Conscientes del peligro que corre en
semejante travesía, la instalan sigilosamente en un camarote sin dar parte a
nadie, y menos aún al perverso capitán. Éste, cruel y déspota, quien no cae
bien ni a su tropa canallesca, es víctima de un motín, encabezado por su segundo,
ebrio de resentimiento y hiel, que desea ser el primero. El capitán Vela es
tirado por la borda, perdiéndose en el horizonte. La feroz tripulación, junto a los pasajeros de mal
agüero, se torna ahora todavía más violenta y bestial. Recorre la
panza del barco buscando la bodega donde apoderarse de las barricas y botellas
de alcohol, y así celebrar la hazaña. En la exploración, la turba amotinada descubre a la
muchacha, quien es llevada junto a sus ángeles custodios en presencia del nuevo
capitán. Los sublevados ya reclaman,
tras el motín, un parte en el carnal botín.
Con aspiraciones de oficial y caballero,
el bellaco nuevo comandante ordena a Grischa que prepare una cena especial para
agasajar a la invitada de honor, junto al atribulado doctor. El cocinero, mientras labora en los fogones,
sabedor de la cercanía de la costa, lanza con un reflector llamadas de SOS.

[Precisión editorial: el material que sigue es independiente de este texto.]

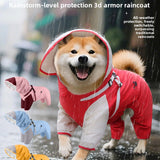 Dog Four-Leg Raincoat | Waterproof Full-Body Rain Jacket for Dogs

Un crucero que se halla cerca advierte la señal de socorro y
pone rumbo hacia el origen de la misma. La maniobra de aproximación del enorme
buque es mostrada (montada) en paralelo con la insurrección de la canalla a bordo, ya completamente embriagada,
aunque sin ver apagada la sed de lascivia, así como la persecución que se organiza
a la caza de la pieza femenina. Finalmente (¡oh, spoiler!), el rescate tiene éxito, la jauría es neutraliza y las
aguas vuelven a su cauce.
El
cineasta Maurice Tourneur, padre del director Jacques Tourneur, es,
lamentablemente, mucho más desconocido y desatendido que su vástago, cuando labró una obra, tanto en cantidad como en
calidad, acaso de superior categoría y mayor interés. En La nave de los hombres perdidos, con la gran ayuda del equipo de
rodaje —especialmente, el director de fotografía, Nicolas Farkas— lleva a cabo un trabajo de lo más meritorio, un film intenso y angustioso (diríase casi
un film de terror), emocionante y con algunos momentos de factura sencillamente
magistral.
Sólo lo moroso de determinadas
secuencias (innecesariamente alargadas y/o ralentizadas en la acción), frena la
fluida narración del film. El resultado, con todo, es un trabajo soberbio, una experiencia difícilmente inolvidable,
principal motivo de que las dos horas de metraje del film resulten muy llevaderas.